Era extraordinária esta relação com o aeroporto. Durante anos seguidos me entreguei com deleite ao passeio ao «Buraco dos Bichos», não só pela secreta esperança e aventura de um dia saber que bichos eram aqueles, como pelas peripécias acontecidas até lá chegarmos. Para além do dia de permanente folguedo de um pai enorme, bonito, paizão, mas tão miúdo como nós quando brincava connosco.

Mais tarde, o aeroporto serviu-me de porta de entrada e de saída por inúmeras vezes, pela frequência com que eu me deslocava a Lisboa, durante o ano e durante anos. Em quase todas elas, o meu pai lá estava. Ou vestindo um sobretudo, se fosse Inverno, ou trajando um fato claro de Verão. Era a figura habitual da minha chegada, ele sabia que eu saía do avião e ia directo à Avis levantar um carro, mas queria estar sempre presente. E quando eu me ia embora, era ele que me deixava à porta e ia depois entregar a viatura.

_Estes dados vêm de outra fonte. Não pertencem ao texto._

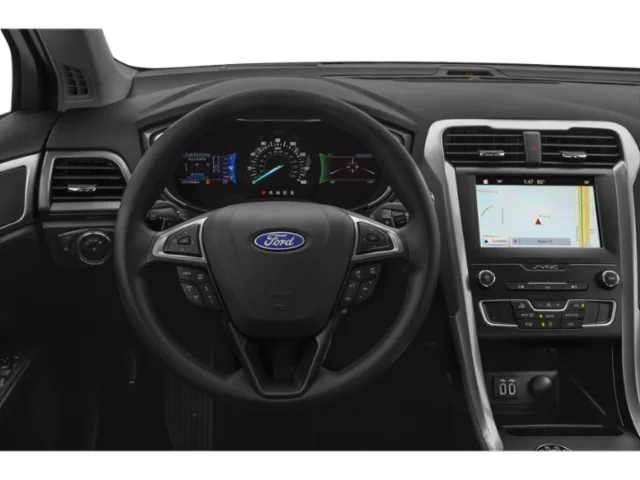 Used 2020 Silver Ford SE image 10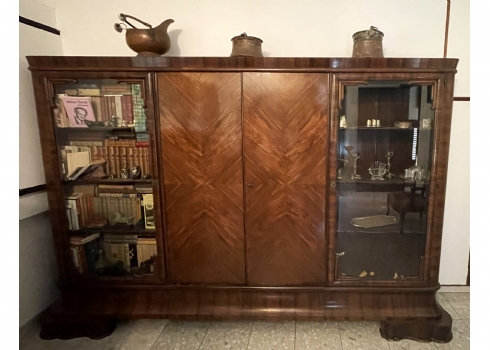 ארון עץ עתיק גדול ומרשים כולל ספריה ותצוגת ויטרינה 1930-1940 בקירוב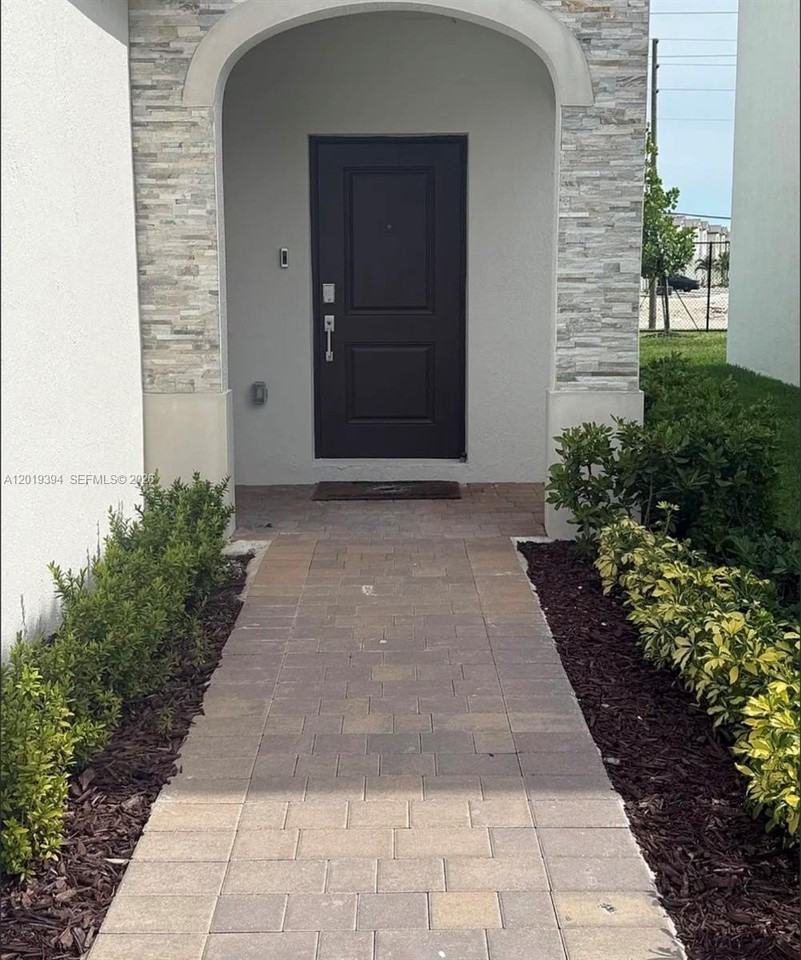 2584 Se 25th Ct - Photo 6 of 38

Esta pequena história serve para dizer que foi ali, também, que vi o meu pai pela última vez. Deixou-me à porta das «partidas» mas, dessa vez, vá lá saber-se porquê, ele saiu do carro. Olhei para trás e vi a sua figura imponente e elegante fora do carro atirando um «boa viagem, meu rapaz», enquanto acenava lentamente a sua mão direita. Uma cena que hoje se mantém viva na minha memória, ao pormenor da roupa que ele vestia, incluindo uma gravata vermelha com umas pintas douradas ou amareladas. E lembro-me porque nunca mais o vi. Vi-o ali, no aeroporto, pela última vez, tanto como pela primeira vez. Porque foi ali, no aeroporto, que, como disse atrás, eu «comecei» a ver o pai que tinha.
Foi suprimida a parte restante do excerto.